La villa monumentale fu infatti eretta sul colle Esquilino appena dopo che un incendio aveva distrutto buona parte dei quartieri popolari di Roma nel 64 d.C. . Sebbene non risultassero prove che il disastro fosse stato voluto da Nerone in un eccesso di megalomania per liberare l’area necessaria alla costruzione della sua villa e di una “nuova Roma” costruita secondo la sua volontà, è però certo che il sospetto che fosse stato capace di un gesto simile attecchì in fretta. Ad alimentarlo, oltre al carattere imprevedibile del presunto colpevole, ci fu anche di certo il ricordo dei passati delitti che gli erano stati attribuiti, come il matricidio nel 59 d.C. (come si legge negli Annales XIV, 3 – 10 dello storico Tacito). Anche la sbrigatività con cui Nerone addossò la colpa dell’incendio alla comunità cristiana – all’epoca una delle tante comunità religiose dell’Impero – non dissipò i dubbi sul suo coinvolgimento: al contrario li acuì.

Ma, tra tutte le dicerie che avvolsero l’Imperatore, una in particolare ci riporta alla domanda iniziale sul confuso binomio tra comando ed esasperazione dell’arte: quella di Nerone nel ruolo di cantore intento a celebrare l’incendio. Ne troviamo una raffigurazione moderna nell’illustrazione riprodotta in apertura: si tratta della copertina scelta dalla band heavy-metal “Imperivm” per il proprio album del 2017 “Rome Burns”. La band rappresenta un caso per nulla comune nel panorama power-metal, perché si discosta dalle tematiche di fantasia comuni nel genere, per concentrarsi invece sulla Storia documentata di Roma Antica. Il disco “Rome Burns” in particolare, come si intuisce già dal titolo, dedica – tra i numerosi personaggi ed eventi trattati – profonda attenzione proprio alla vita di Nerone e alla “Domus Aurea”.

L’illustrazione scelta dalla band ritrae infatti il passo seguente dello storico Tacito (Annales XV, 39) che è all’origine dell’ultima diceria su Nerone di cui abbiamo accennato: “… si era diffusa la voce che proprio nel momento in cui Roma era in preda alle fiamme, egli fosse salito sul palcoscenico del suo palazzo a cantare la distruzione di Troia, paragonando il disastro presente alle antiche sventure.”

Anche il testo della canzone che dà il titolo all’album è un’attenta interpretazione raffigurativa – in questo caso “interiore” – del passo: Nerone osserva rapito e segretamente compiaciuto il disastro (… “It was not my fault but I am glad”), già assorto in grandiosi progetti (We’ll rebuild from the Domus Aurea”).

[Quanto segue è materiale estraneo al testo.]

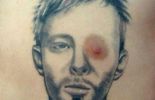 Un tatouage Thom Yorke TRÈS perturbant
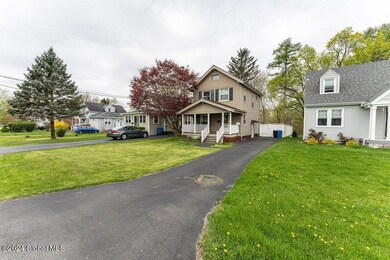34 Swartson Ct, Albany, NY 12209 - photo 4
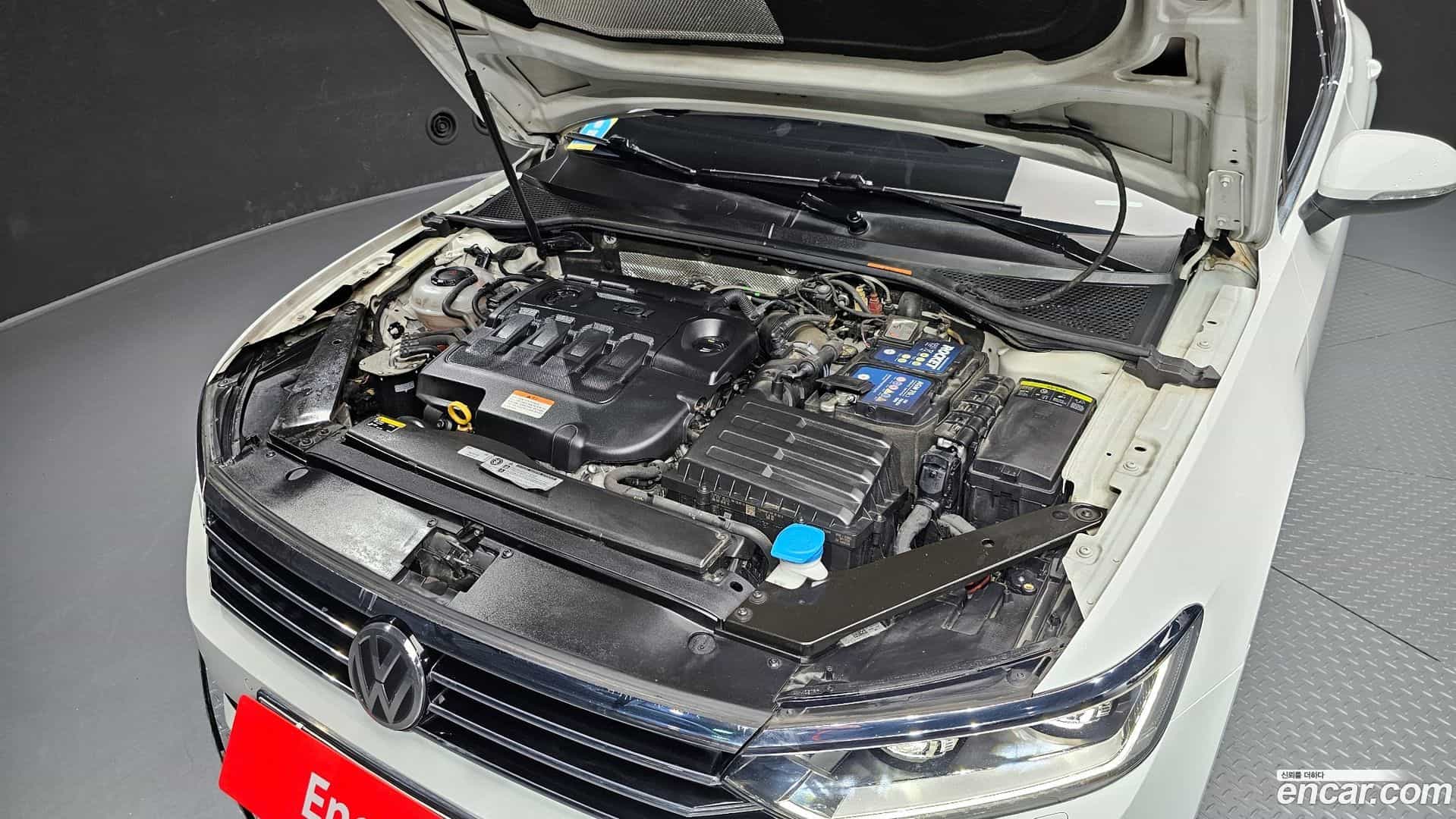 Passat Volkswagen 2018.4-INNER-006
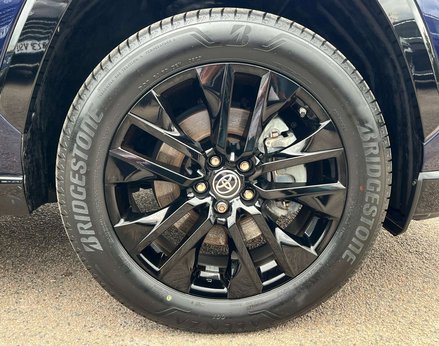 Toyota Rav4 2.5 RAV4 Dynamic HEV 4x2 CVT 5dr 15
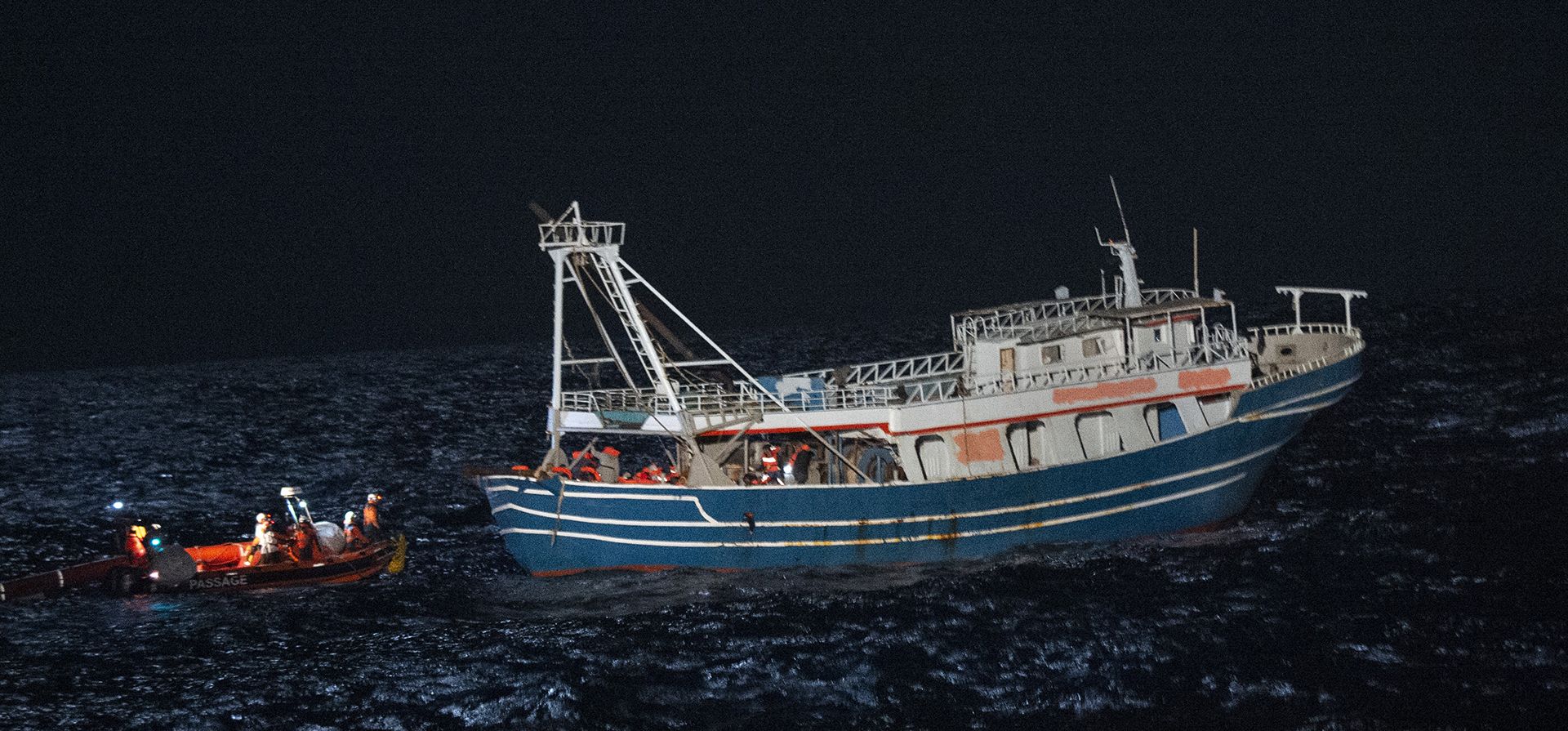 La tripulación del bote de rescate Geo Barents se acerca en un bote a un bote de pesca en aguas internacionales frente a la costa de Libia el martes 4 de abril de 2023. Unos 440 refugiados de Pakistán, Bangladesh, Egipto, Somalia y Sri Lanka fueron llevados a bordo. los Geo Barents. (Foto AP/Salvatore Cavalli)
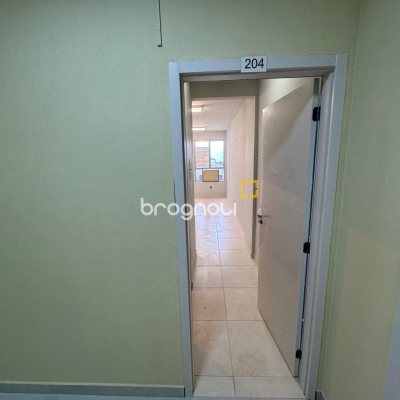 Sala com 25m², no bairro Centro em Florianópolis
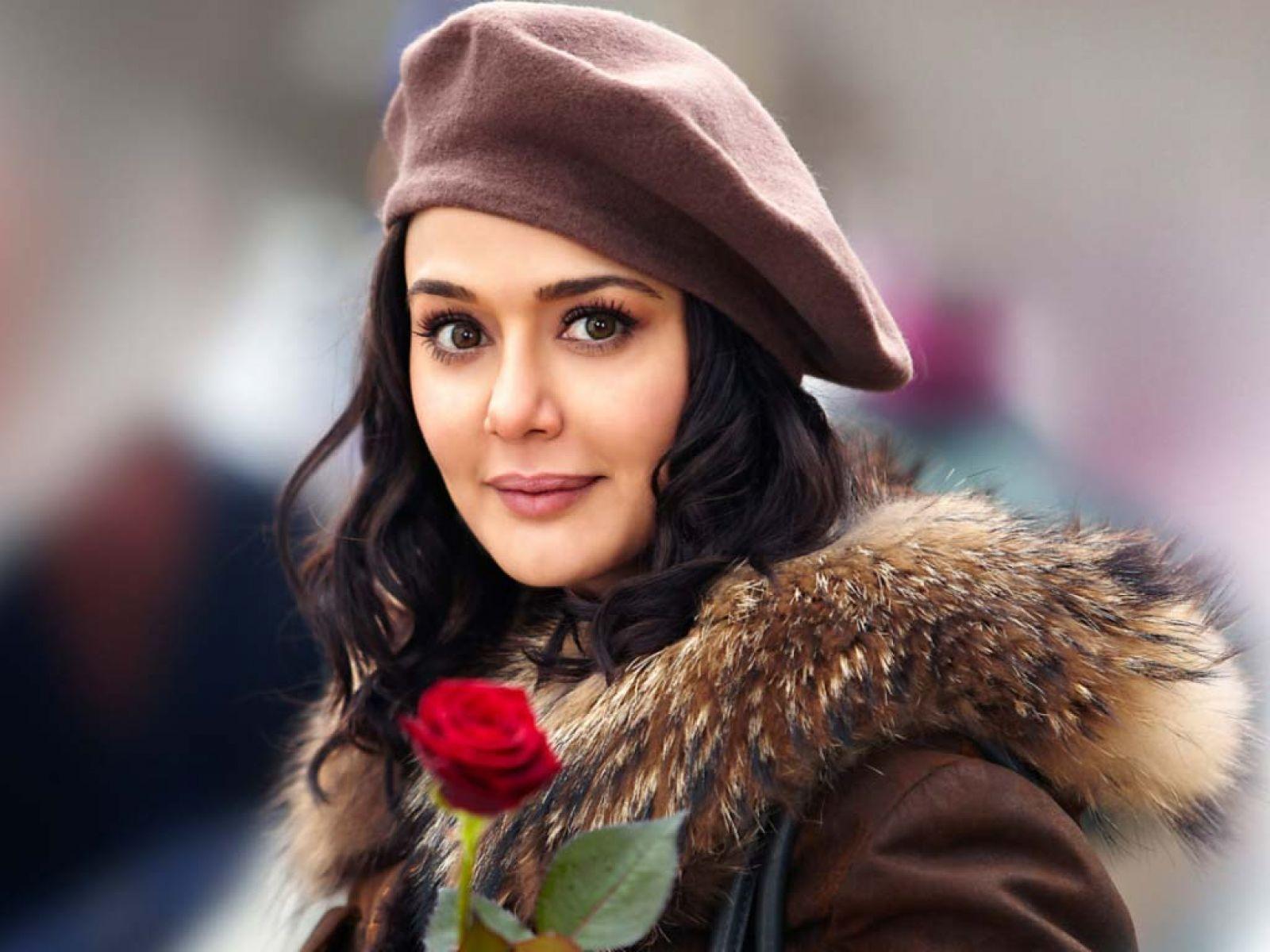 Preity Zinta Wallpaper High Resolution and Quality Download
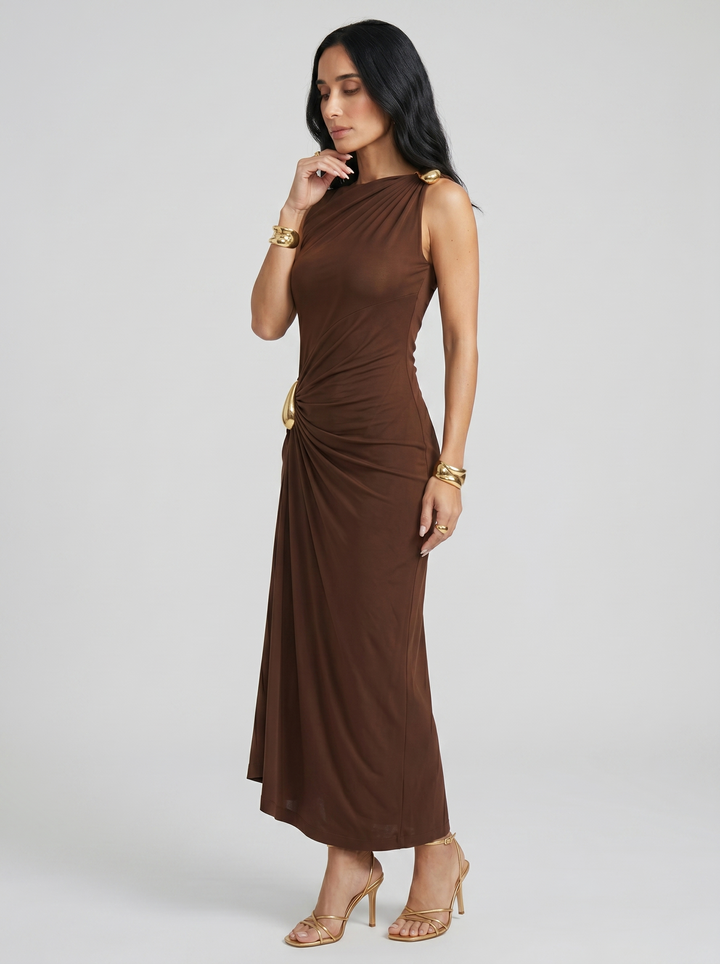 Cinthia | Elegantní šaty se zlatými sponami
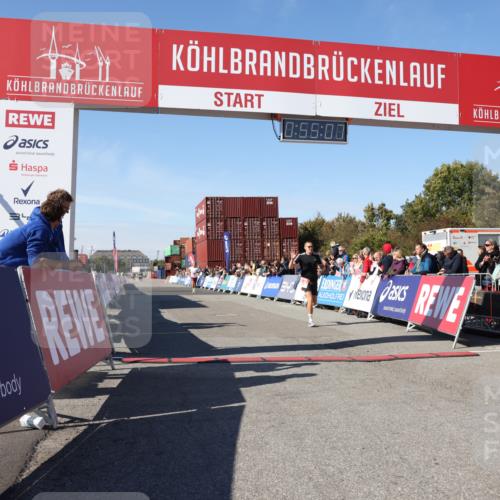 03.10.2025 - Köhlbrandbrückenlauf Lena Gebhardt http://msf.ph/oto/9039258 03.10.2025 12:55:07 Ziel 5765, 6130, 6410 meine-sportfotos.de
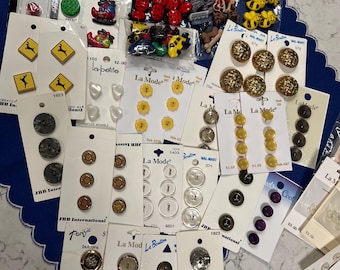 Huge bundle lot of various craft and artistic sewing buttons x 45 cards/ art supplies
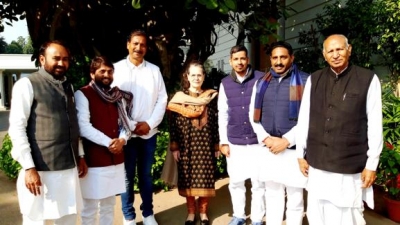 6 ex-BSP Rajasthan MLAs formally join Congress | 6 ex-BSP Rajasthan MLAs formally join Congress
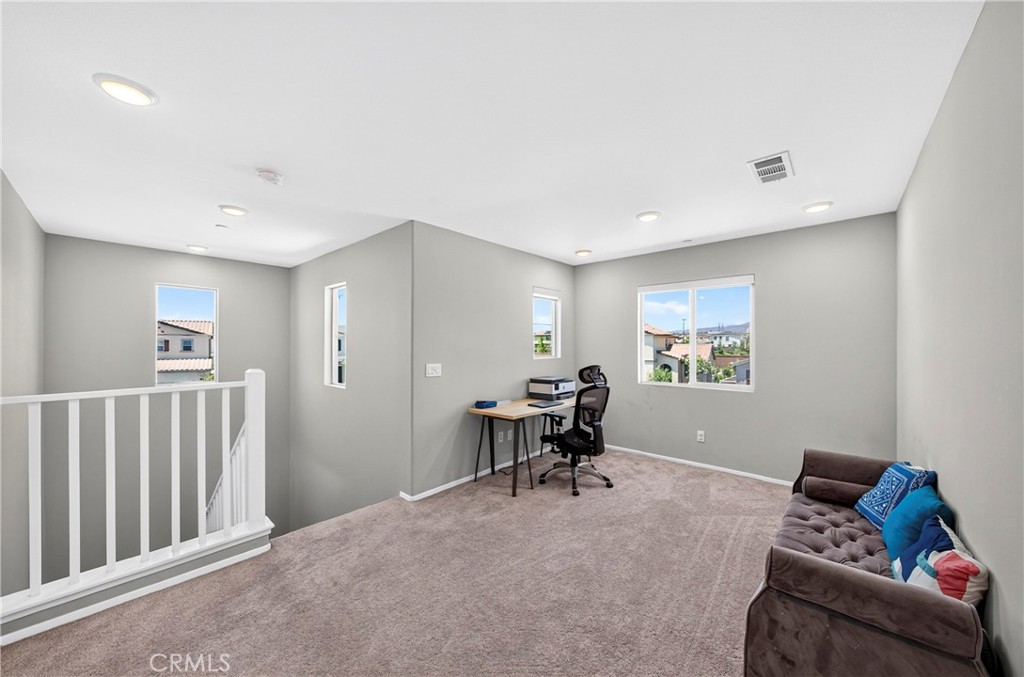6112 Knoll Place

È consapevole che il sospetto si punterà su di lui (“Someone we’ll blame me…”), ma la questione è in fondo appena un dettaglio: per l’Imperatore la colpa è della popolazione meschina, mediocre e grossolana, che si affolla in tuguri maleodoranti (“…but the truth is that the fault is only theirs. Herded like animals, in dark and smelly streets”). La città stessa sembra in qualche modo invocare il fuoco della catarsi (“Rome burns to breath fresh air, that will sprout from the last flare…” ).

Come già detto, la veridicità del passo di Tacito è incerta, e l’autore stesso non lo dissimula. Tuttavia, se il fatto fosse accaduto realmente, la narrazione e l’interpretazione svolte dalla band sarebbero perfettamente verosimili: Nerone avrebbe potuto davvero considerare l’incendio di Roma come “il suo capolavoro”. E questo non solo nel caso che ne fosse stato realmente il pianificatore. Anche solo rimanendo naturalmente colpito dalla drammaticità del disastro, l’Imperatore avrebbe infatti potuto esserne “ispirato”, considerandolo un segno: una “chiamata” al ruolo di “artista supremo” che sentiva suo, designato a edificare una “nuova Roma” a partire dalla sua “Domus Aurea”.

Dunque, in conclusione torna una domanda, che in realtà ne racchiude molte: Nerone fu l’imperatore? Fu il tiranno?… il folle? Oppure, l’artista mancato? Il visionario?…

Forse, non lo seppe mai neppure lui stesso.